路政赫仔细端详着Omega,眼下的青黑相较之前又重了一些,修长的手指滑入他的指缝,两只手紧紧交握在一起,宛如一对甜蜜的恋人,路政赫这样想着,低头吻了吻舒白有些裂开的嘴角。
那细小的开裂处已经结痂,挂在舒白的脸上有种异样的美感,路政赫迷恋的用指尖触碰Omega的伤口。
只有用药和情热期的舒白才会对她如此顺从。
路政赫微蹙着眉,她深知这点,却又无法自拔地沉迷在这披着假象的柔情之下。
“舒白。”路政赫低声呢喃着Omega的名字,摸着他脸颊的手往下覆上他脆弱的脖颈,浅灰色的瞳孔暗了下来。

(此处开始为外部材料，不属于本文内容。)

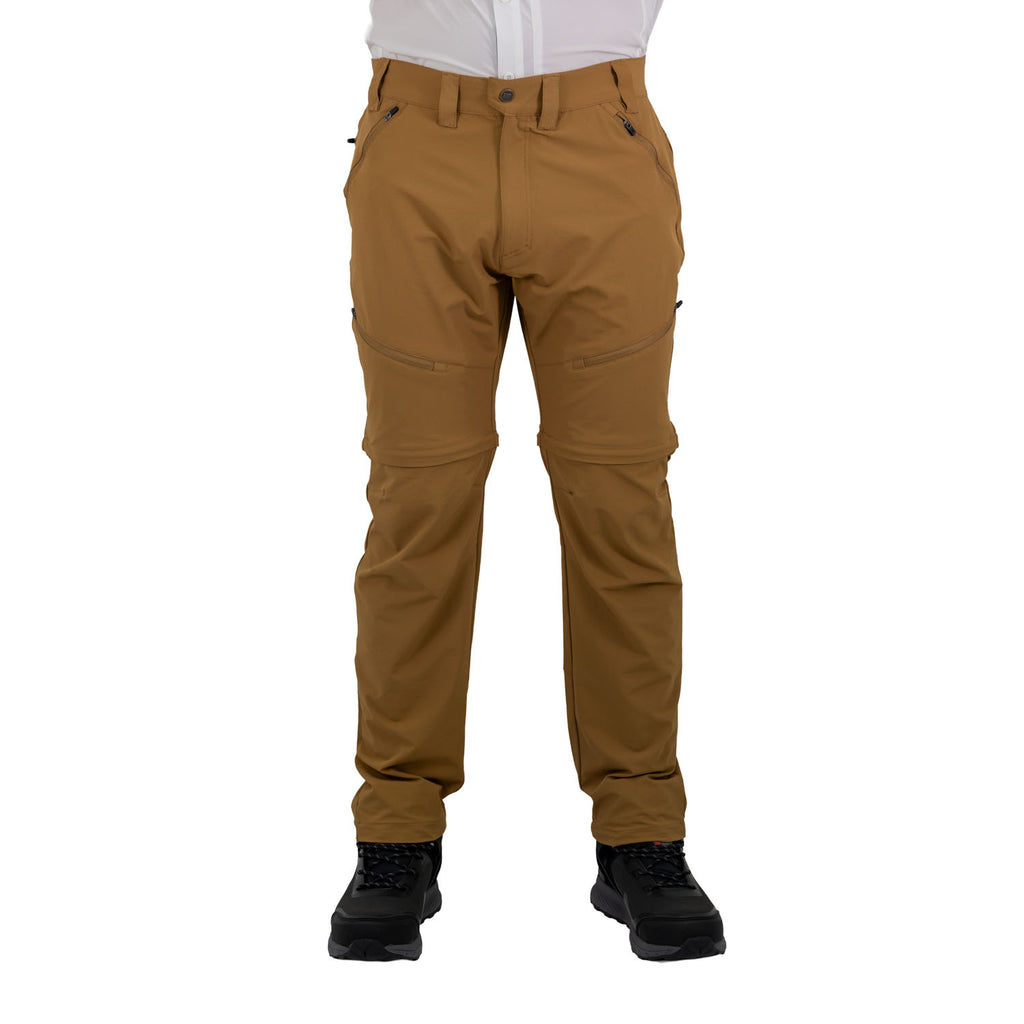 Pantalón Outdoor HW Summit Sand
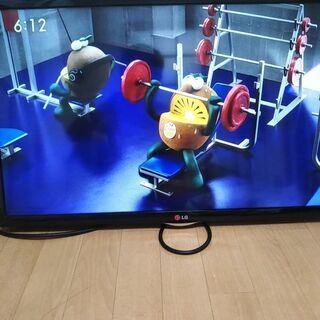 32インチ LG スマートテレビ 液晶テレビ 32LN570B | gofactoring.cl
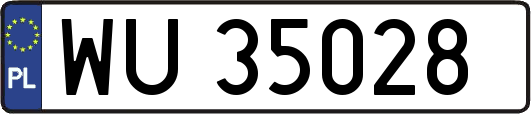 WU35028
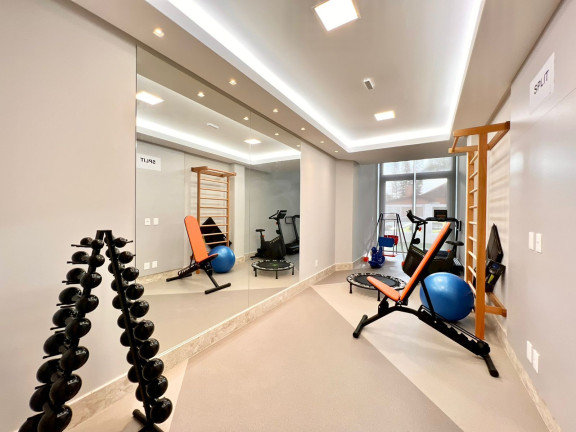 Imagem Apartamento com 1 Quarto à Venda, 42 m² em Zona Nova - Capão Da Canoa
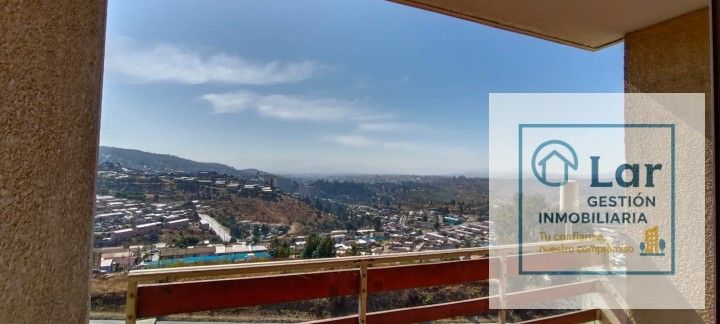 Departamento en arriendo Villa dulce 3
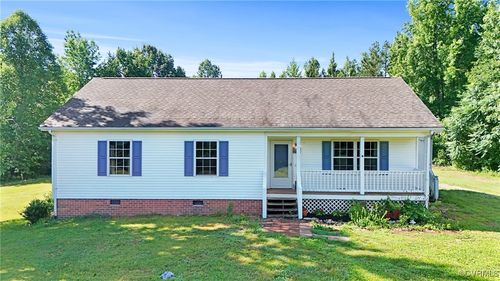 291 Briery Hills Dr, Meherrin, VA, 23954-3064 | Card Image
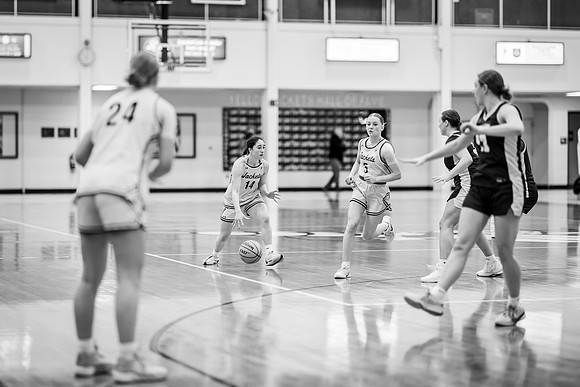 UWS vs UNW WBB-229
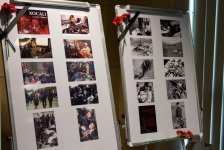В Румынии почтили память жертв Ходжалинского геноцида (ФОТО)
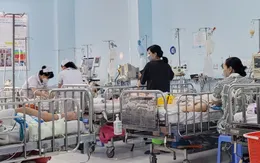 Cẩn trọng với bệnh viêm não, viêm màng não ở trẻ em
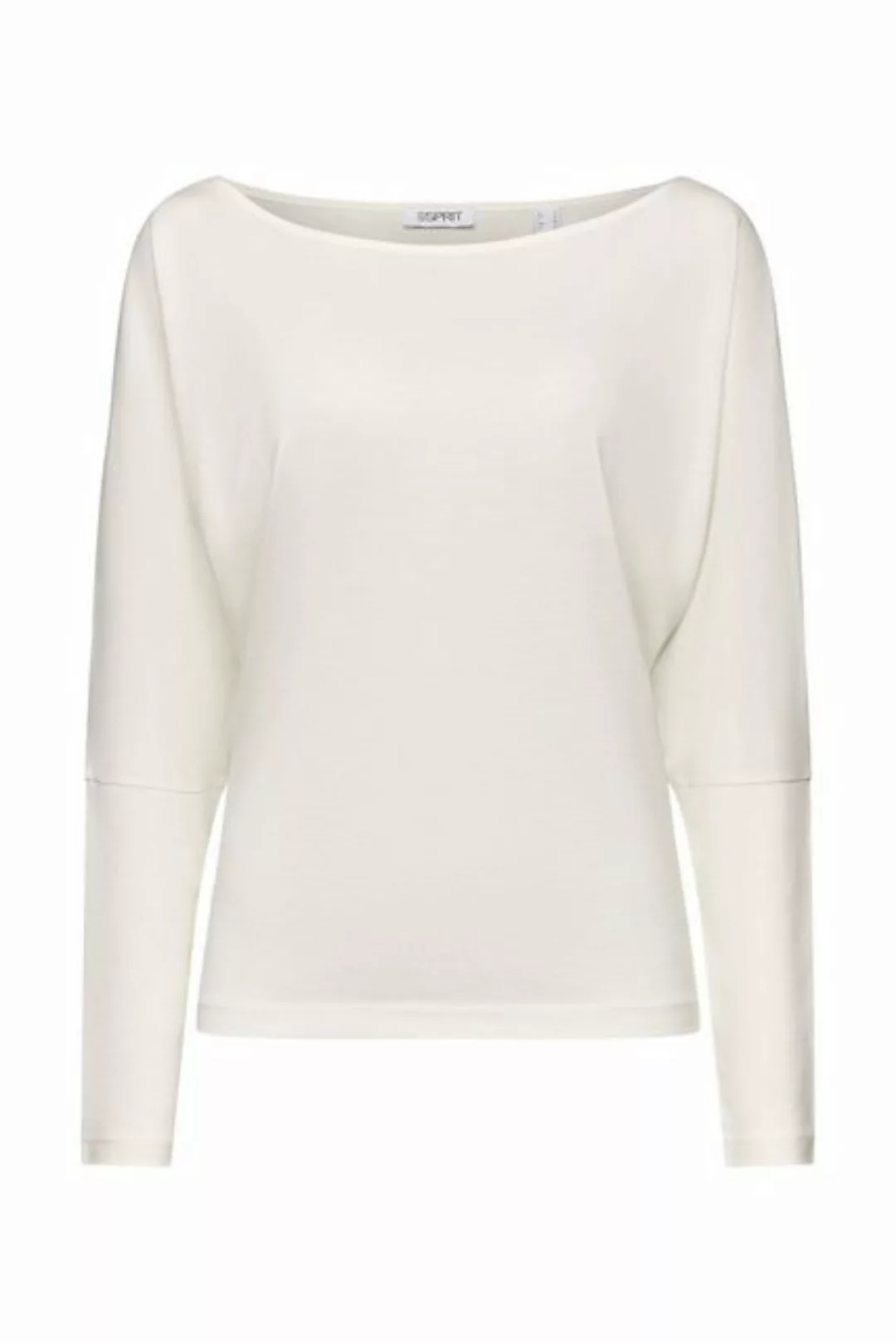 Esprit Langarmshirt günstig online kaufen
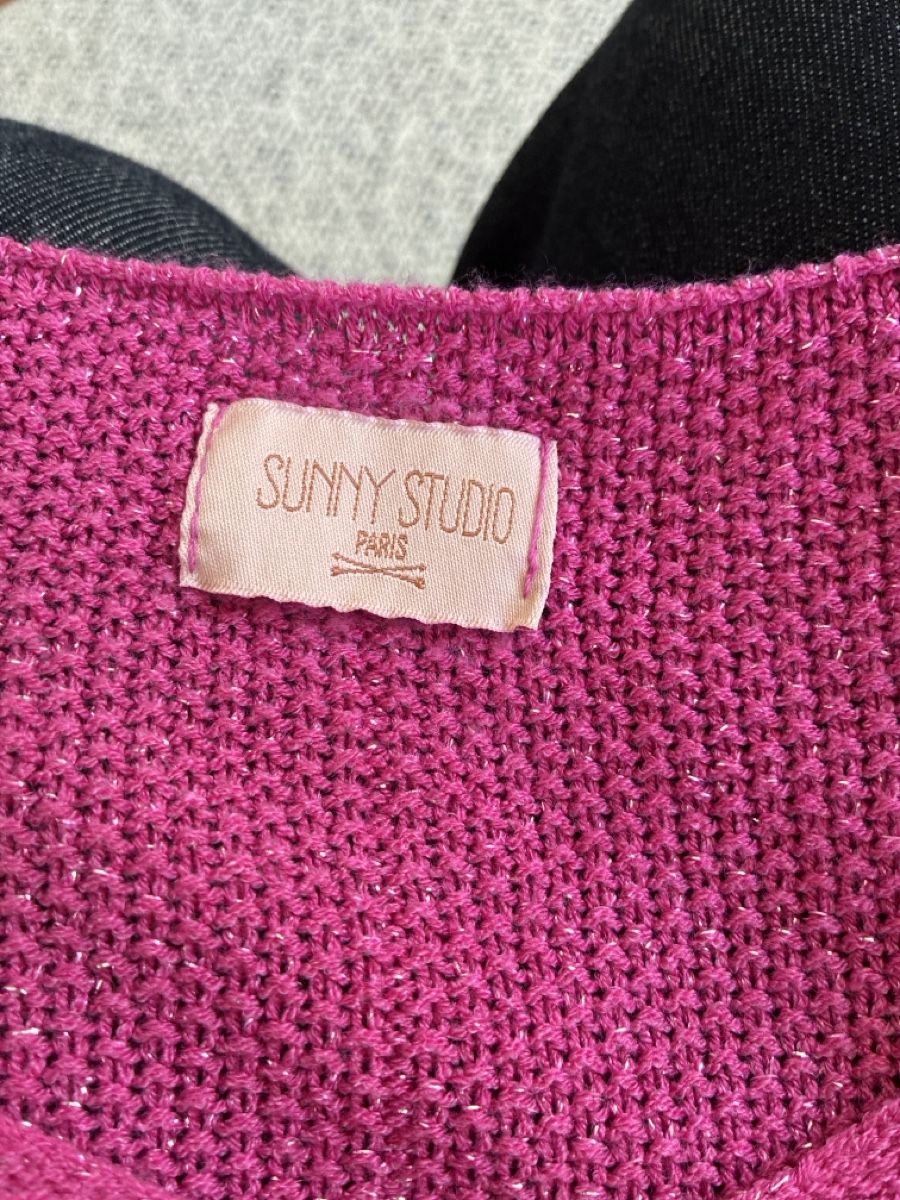 Pullover & Sweatshirts: Pullover – Neu (gemäss Beschreibung) aus Dornach von Froschprinzessin01 1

冒着青筋的手微微用力,熟睡中的人下意识蹙眉,脑袋却往她怀里钻着。
路政赫呼吸有片刻的停滞,她松开舒白的脖颈转而揽住他的腰——脆弱的Omega,这样的舒白激起了她内心的凌虐。
“嗯...”舒白喉咙里溢出点嘤咛,有些艰难地睁开双眼,湿漉漉的眼睛正对上路政赫有着强烈侵略性的目光。
他眨了两下眼睛,卷翘的睫毛上下翕动,声音软绵绵的,又带着沙哑,“渴......”
路政赫微微抬眉,伸手拿过放在床头柜上的玻璃杯贴在舒白的唇上。
久旱逢甘霖,舒白舔了舔唇瓣上残留的水渍,有些迷迷糊糊地看了一眼时间——凌晨3点,他抱住路政赫,哼哼唧唧地说,“你怎么...不睡......”
路政赫垂眸看着Omega,低头含住了他水润的唇,嗓音有点沉,“舒白,你喜欢我吗?”
“喜欢,”舒白圆圆的眼睛弯起来,他回吻了一下路政赫,撒娇道,“但是,现在我们要睡觉了。”
重新将Omega抱入怀里,路政赫将下颌抵在舒白的发顶——该如何让舒白一直处于情热期呢,她修长的手指有意无意地触碰着他的腺体。
酥酥麻麻的感觉让舒白晃着脑袋,眉毛拧在一起,嫣红的唇嘟囔,“不要,不要了。”
路政赫却没有停手,淡淡道,“有些事情不是你说不要就可以不要的。”
困倦的舒白只迷迷糊糊听到了路政赫说话,没有回复只是将脸在她怀里埋得更深,情热期放大了他的爱欲,极大限度减少了他的恐惧。